You know me well, and herein spend but time To wind about my love with circumstance. And out of doubt you do me now more wrong In making question of my uttermost Than if you had made waste of all I have. Then do but say to me what I should do That in your knowledge may by me be done, And I am pressed unto it. Therefore speak. (A I , s i)
After Bassanio shows concern about the money he owes Antonio, Antonio reassures Bassanio by describing how he views their friendship. Antonio passionately explains that Bassanio should not worry about this money because their friendship is stronger than any debts. Antonio adds that when Bassanio doubts their friendship’s strength, he creates more worry and pain than any financial strain can cause. Antonio and Bassanio’s relationship reflects the theme of friendship throughout the play. The two men clearly care very deeply for one another.
To you, Antonio, I owe the most in money and in love, And from your love I have a warranty To unburden all my plots and purposes How to get clear of all the debts I owe. (A I, s i)
Bassanio tells Antonio that he wants to find an honorable way to pay his financial debt back to Antonio. He uses this moment to recognize his friendship with Antonio, declaring that he not only owes him money, but also love. He also affirms that he knows that Antonio cares for him and will help him decide on the best way to pay off his debts. This interchange clearly displays a friendship with a strong bond.

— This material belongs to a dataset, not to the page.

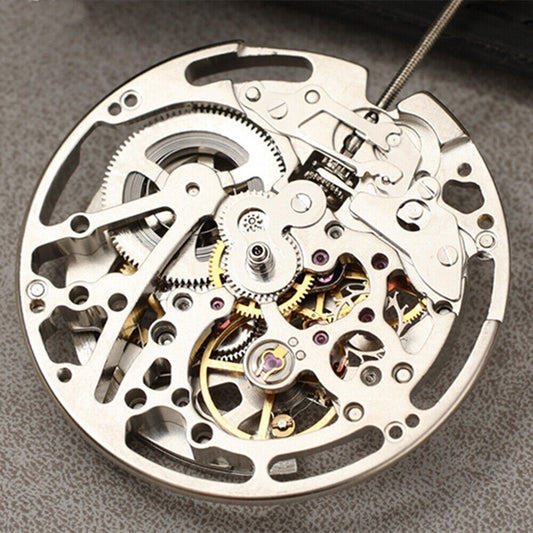 Dandong Silver automatic mechanical watch with hollow design and second stop feature, China made.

I saw Bassanio and Antonio part. Bassanio told him he would make some speed Of his return. He answered, “Do not so. Slubber not business for my sake, Bassanio But stay the very riping of the time. And for the Jew’s bond which he hath of me, Let it not enter in your mind of love. Be merry, and employ your chiefest thoughts To courtship and such fair ostents of love As shall conveniently become you there.” And even there, his eye being big with tears, Turning his face, he put his hand behind him, And with affection wondrous sensible He wrung Bassanio’s hand. And so they parted. (A II, s viii)
Salarino describes Antonio and Bassanio’s friendship to Solanio by explaining the scene of their goodbye as Bassanio left to win Portia’s heart. Salarino’s description indicates that Bassanio and Antonio share a very close bond. Their relationship seems to mirror that of a father and son as Antonio feels proud of Bassanio and will do anything to help him succeed in love and life, but he also finds saying goodbye bittersweet. This heartfelt moment between Bassanio and Antonio as described by Salarino further develops the theme of friendship in the play.